"Si tengo una adicción confesa es la lectura, devoro todas las letras que se amontonan a mi paso (...)". | Pixabay

En mis sueños siempre rondo los 20 años. Independientemente de la aventura en la que me vea sumida y de los protagonistas que me acompañen, todos los personajes de mis noches están anclados en ese capítulo de nuestras vidas donde los problemas se reducían a la ropa que nos pondríamos ese fin de semana y a la manera de justificar las clases que nos saltaríamos. Eran días de túper y noches de copas; pesadillas con los exámenes y rupturas con los que creíamos que serían los hombres de nuestras vidas; ilusiones que se ahogaban para dar paso a otras más grandes y reales, y una época en la que mi único miedo era que el mundo descubriese que era una impostora y no poder vivir de la profesión que había escogido. Después llegó la época de los 30, que comenzó muy feliz, pero que personalmente fue la más devastadora de todas, y los 40 me despertaron con una nueva primavera renovada y con muchas ganas de volar de nuevo.

Andaba yo barruntando que esta sería mi década prodigiosa, y que tal vez consiguiese así por las noches encontrarme con mi «yo» del presente en vez de con la del pasado, cuando una amiga me envió un artículo que le había alegrado el domingo y que afirmaba que a partir de los 60 la gente es más feliz. Si tengo una adicción confesa es la lectura, devoro todas las letras que se amontonan a mi paso y me da lo mismo si se esconden en periódicos, revistas, libros, ingredientes de un puré o anuncios, por lo que no pude evitar sumergirme en aquella noticia esperanzadora. Una vez metida en materia descubrí que, según un estudio efectuado tras 80 años de análisis por tres generaciones de psiquiatras y de psicólogos de la Universidad de Harvard, la calidad de nuestras relaciones, los amigos que cultivamos y la forma de conectar con ellos es lo que marca esa curva ascendente en forma de sonrisa. Tras seguir de cerca las trayectorias, salud y estado mental de dos generaciones de individuos de las mismas familias de Estados Unidos, estos expertos han concluido que ni la infancia, ni la disposición natural, ni el barrio en el que nos criamos marcarán nuestro destino; que la soledad duele y que vivir rodeado de relaciones cariñosas protege nuestro cuerpo y nuestra mente. Todo esto lo han plasmado en un libro titulado Una buena vida, editado por Planeta, que en un día como el que se celebra hoy podría ser un gran regalo para todas esas personas que hacen que este valle tenga más risas que lágrimas, si la cosecha es buena.

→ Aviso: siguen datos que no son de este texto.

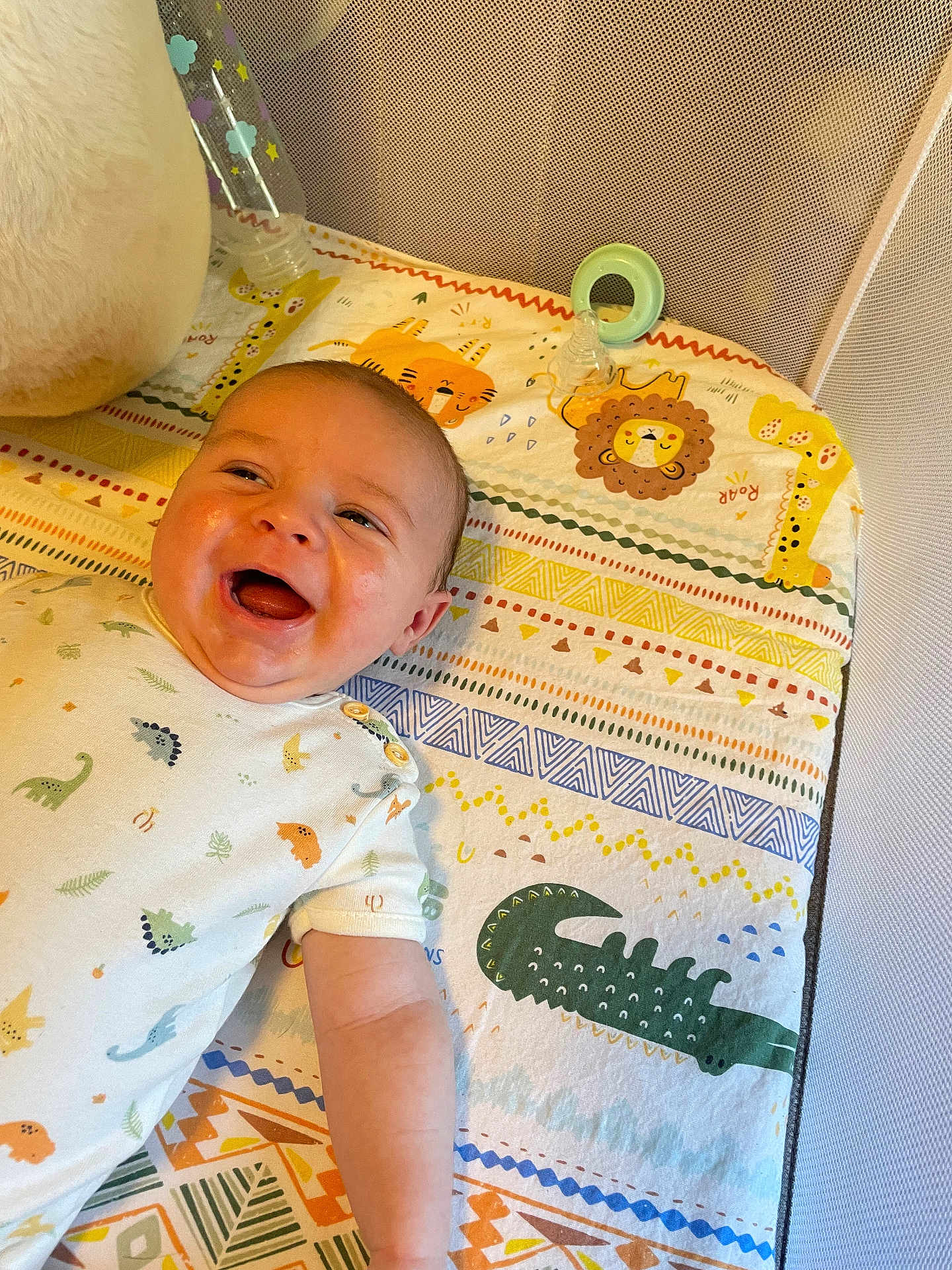 Elijah joined the competition — help win amazing prizes! baby, infant, smiling, happy, play_mat, animal_print, lion, giraffe, crocodile, colorful, cute, child, clothing, onesie, lying_down, indoor, face, skin, joyful, adorable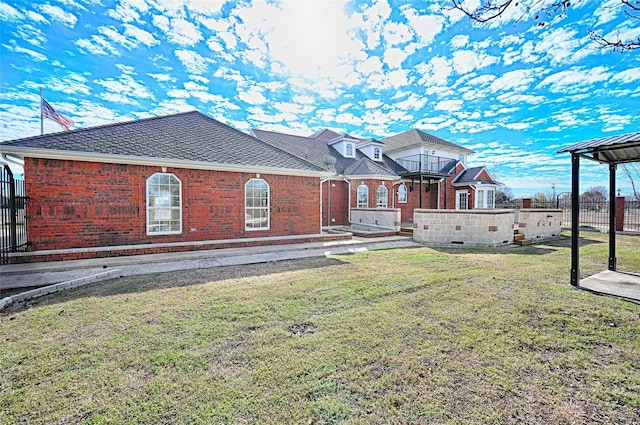 back of house with a balcony and a yard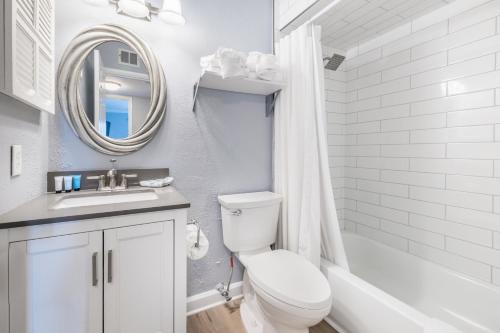 een badkamer met een toilet, een wastafel en een spiegel bij Plantation East in Gulf Shores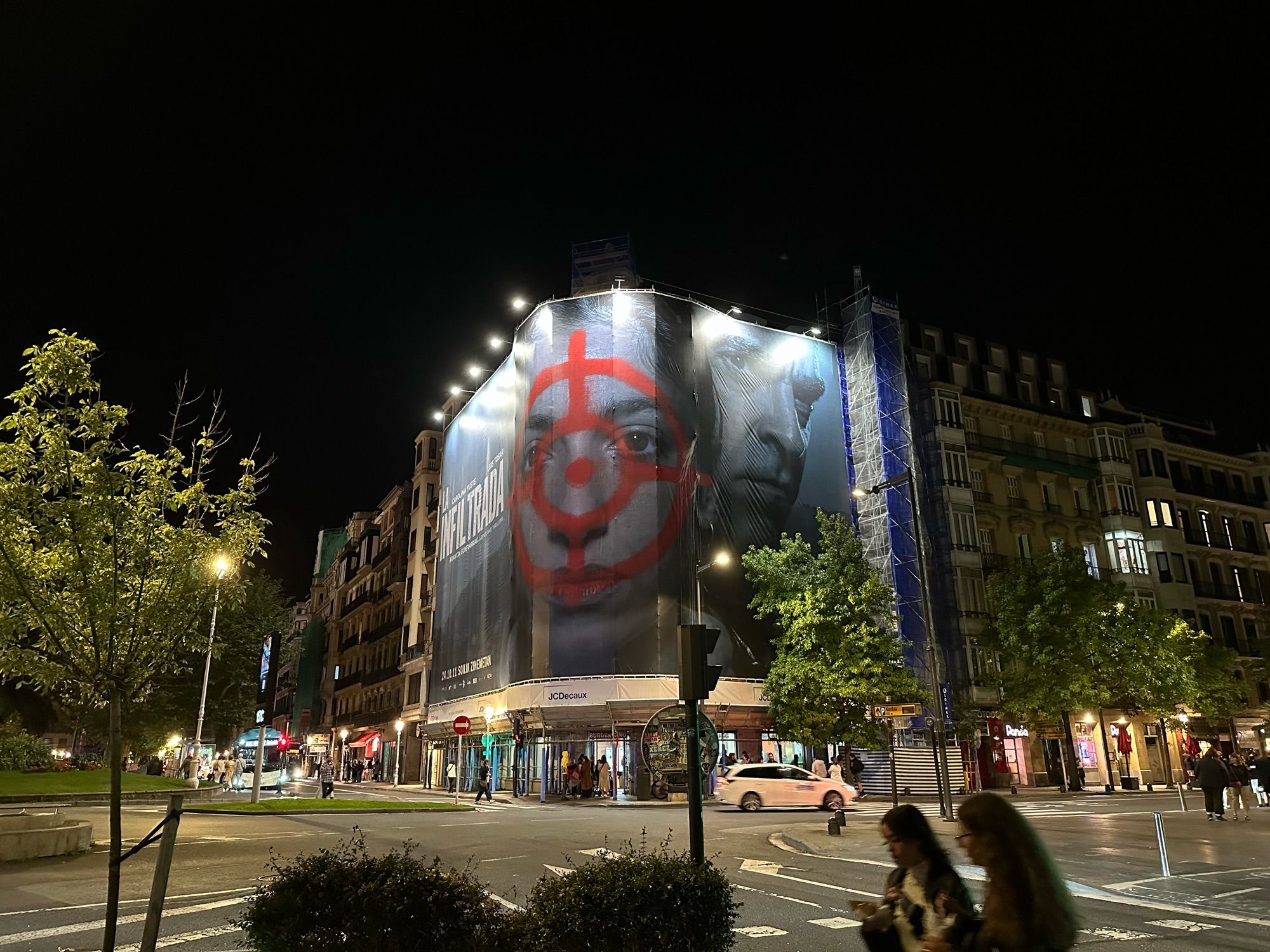 Kreuzung in San Sebastián nachts mit Kinowerbung an Hausfassade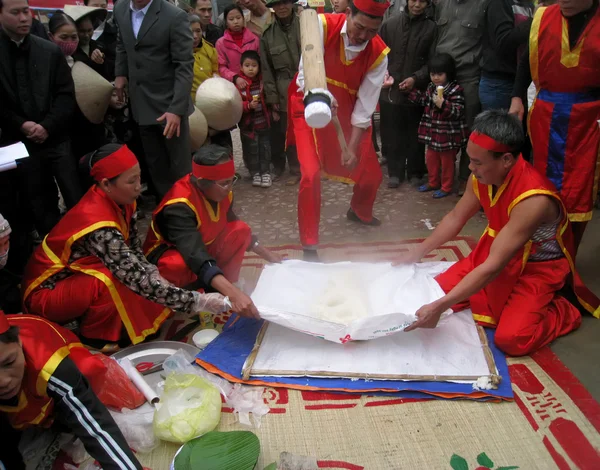 Люди в традиционных костюмах экзамен, чтобы сделать круглый липкий рисовый пирог — стоковое фото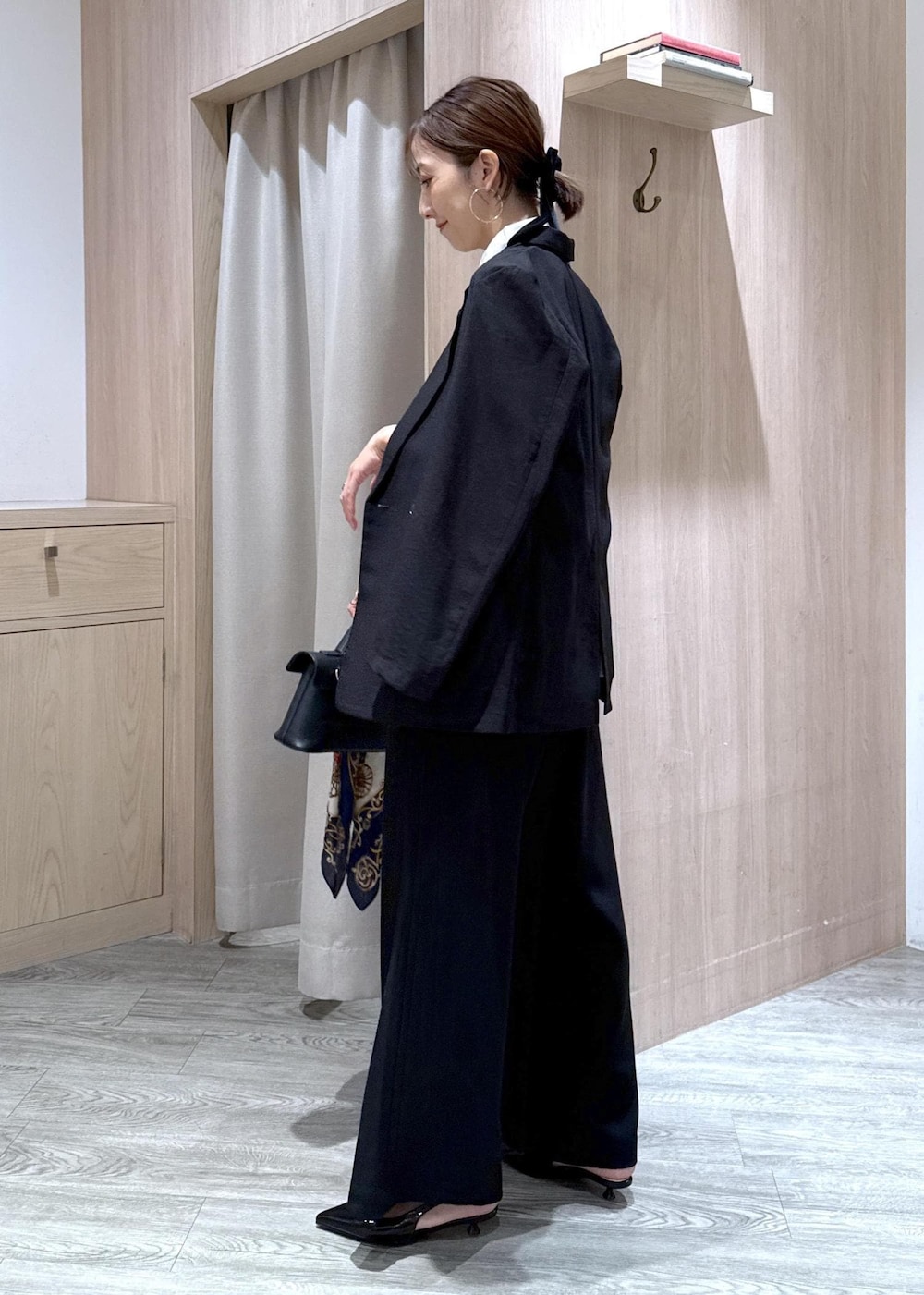 ブラック系のショルダーバッグ、ブラック系のパンプス、ブラック系のテーラードジャケットを着用したレディースの夏コーディネートの2枚目の写真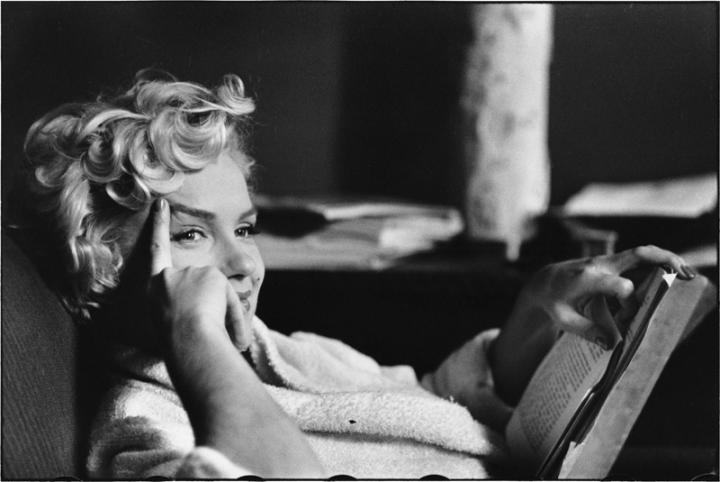 Marilyn Monroe looking up from a book. 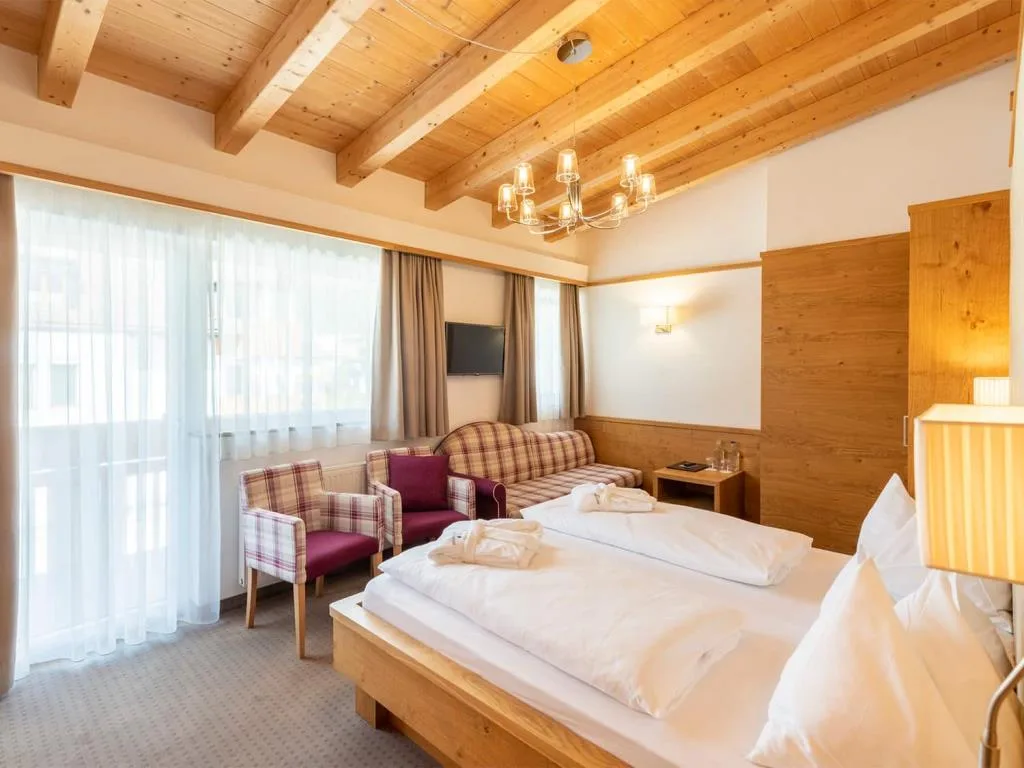 Camera spaziosa con letto, divano, poltrone e soffitto con travi in legno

Parece ser que a los 60 es cuando ya nos da todo igual, sentimos el olor de la muerte más cerca y el peso del trabajo más lejos y relativizamos, apreciando más las pequeñas cosas, quitándonos obligaciones y haciendo lo que realmente nos gusta. Dicho de otra manera, «somos emocionalmente más sabios y esa sabiduría nos hace florecer». Así que yo ya me estoy imaginando paseando por la playa, tomando un buen vino con mis amigas al amparo de un atardecer, cantando en una banda de rock, viajando sin parar y disfrutando de la mejor gastronomía dentro de 15 años, porque para entonces seguro que han inventado algo que nos hará comer y no engordar y mantenernos en forma, saludables y tersos con el mínimo esfuerzo (ya les he dicho al comienzo de este artículo que soy una soñadora).

Al final, puede que los 60 sean los nuevos 20 y que la juventud no sea más que un estado de ánimo; una fiesta donde lo de menos sea el lugar en el que celebrarla y lo únicamente relevante las personas con las que bailemos. Mientras, y por si acaso, seguiré regando mis relaciones, mimándolas, abonándolas y compartiendo mi tiempo de calidad con ellas, por si hasta entonces consigo seguir aprendiendo mucho de lo mágico que es envejecer con ellos, aunque por las noches sus rostros sean tan jóvenes como sus almas, y nosotros, los de entonces, seamos los mismos, pero más libres y preparados.